One minor correction to your initial comment above – no matter how long you run a reactor, you will not be able to obtain a large portion of the heat from fission product decay. Roughly 6% of the heat produced by a reactor is from decay of fission products, but the vast majority of that is from very short lived isotopes that disappear rather quickly after fission stops. An hour after shutdown, decay heat is approximately 1% of the power produced by fission during operation and it continues to drop as the decay continues.
In addition to designing the core to keep reactivity high enough to sustain a chain reaction, fuel designers and operators have material limits on how much fuel they can ultimately burn. A basic requirement of reactor design is to keep fission products and heavy metals contained in the fuel and out of the coolant.

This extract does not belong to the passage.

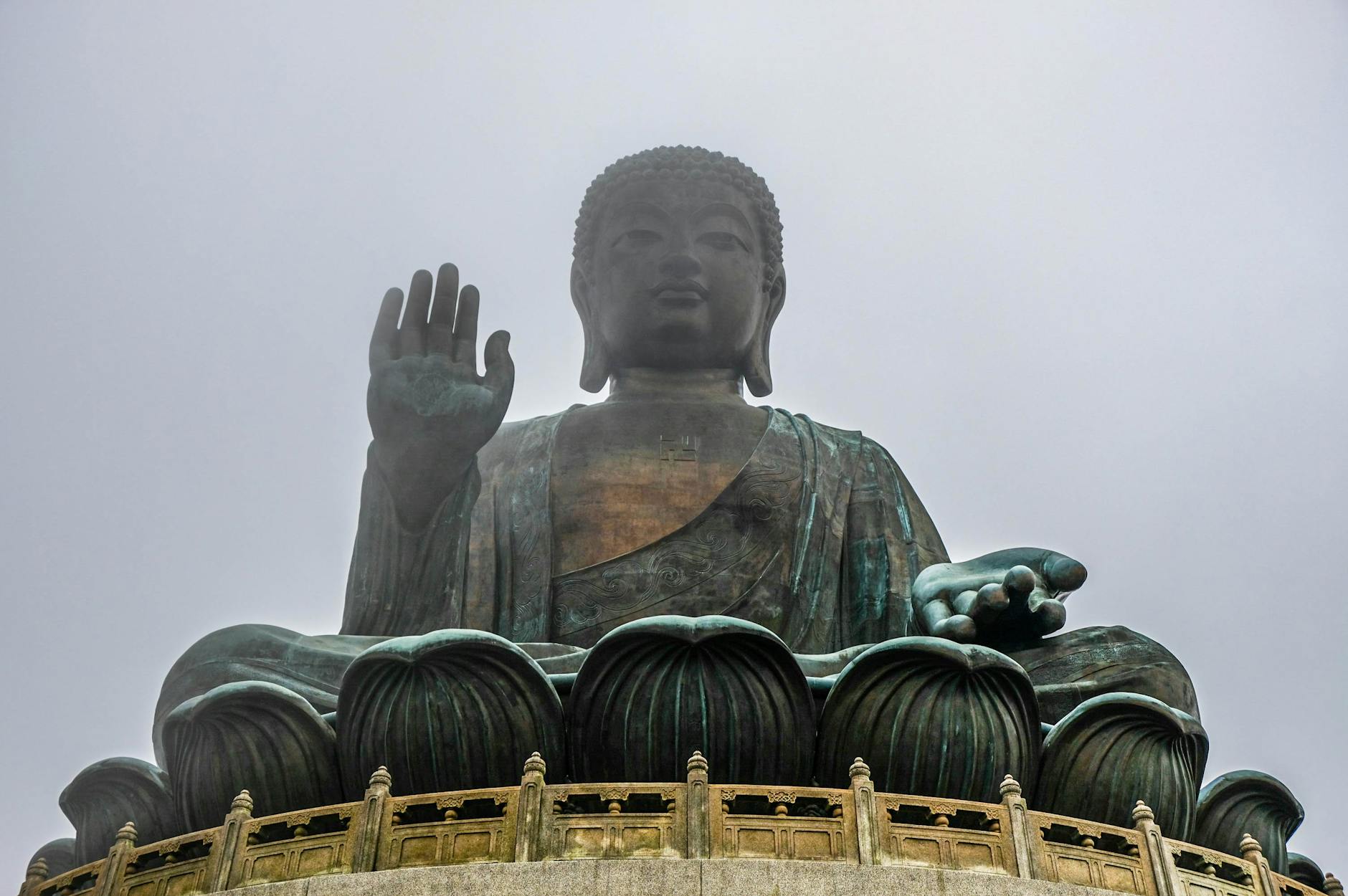 Majestic Tian Tan Buddha statue on Lantau Island, Hong Kong in misty weather seen from below.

Fuel elements are in a challenging environment with large heat production, an intense neutron and gamma radiation flux, and exposure to coolant flow. The fission process releases some gases, both as fission products and because most of the fuels used are oxides that have a couple of oxygen atoms in each molecule. When the heavy metal fissions, some of those oxygen atoms are set free. This gas production creates internal pressure in the fuel element. All of these stresses on fuel elements have an effect on the ability of the element to maintain its integrity and its mechanical properties.
In order to maintain the primary imperative to keep the fission products and the fuel materials from entering the coolant, the ultimate burnup of the fuel is kept below failure limits that have been determined by an extensive testing program in specially designed and operated reactors. It takes a long time to run these burnup test programs – it is difficult to accelerate them more than 2 or possibly 3 times as fast as they would occur in a normal reactor.

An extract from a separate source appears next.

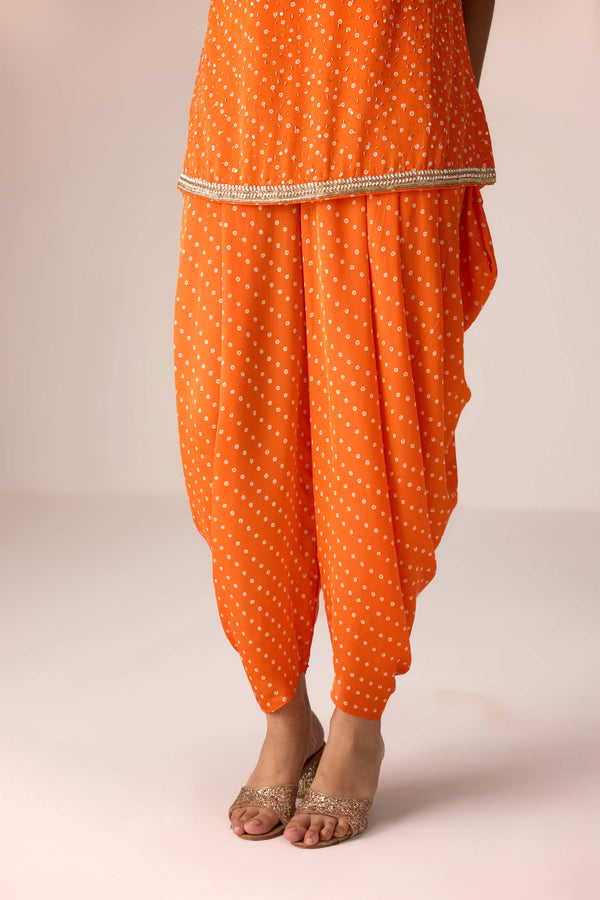 Mustard orange zardozi embroidered top dhoti set.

Since current commercial reactors replace 1/3 of their fuel every 18 months to two years, fuel usually stays in operating reactors for up to six years. As you can imagine, the timelines to test improvements start to stretch a long way, especially since the test reactor availability is quite limited. There is a definite cost for such programs, and there is not very much payback for the fuel suppliers if they undertake efforts to increase the longevity of their fuel. In fact, in an environment where the number of reactors is constant, there is an economic disadvantage because longer lived fuel means a reduced sales volume. Anyone can understand why fuel suppliers have decided that their current burnups are good enough.
The destruction of the Fast Flux Test Facility (FFTF) by the Department of Energy did not help to encourage any new fuel testing since the lines at the rest of the available test reactor(s) is now longer. That action, first approved during the Clinton Administration, but enacted by the Bush Administration, will soon become recognized as a huge mistake.
Possible path for improvement
With TRISO particle based fuel – either pebble bed, prismatic, or some other fuel form that has not yet been suggested – there is a body of evidence that points to an ability to reach very high burnups and extended core lifetimes. Part of the advantage is the fuel form of the particle, part of it is in the fact that the fuel does not come in a form where the fuel itself is part of the structure. In a traditional light water reactor, the fuel is encased in skinny tubes with thin zirconium cladding that are 12-15 feet long. The stacks of heavy metal oxide pellets that fill the inside of each of those tubes is part of the structure that keeps the tubes from deforming.
I hope this helps understand the scope of the challenge and even to recognize some of the paths for advanced fuel cycles that will alleviate some of the issues that limit reactor fuel burnup in today’s reactors.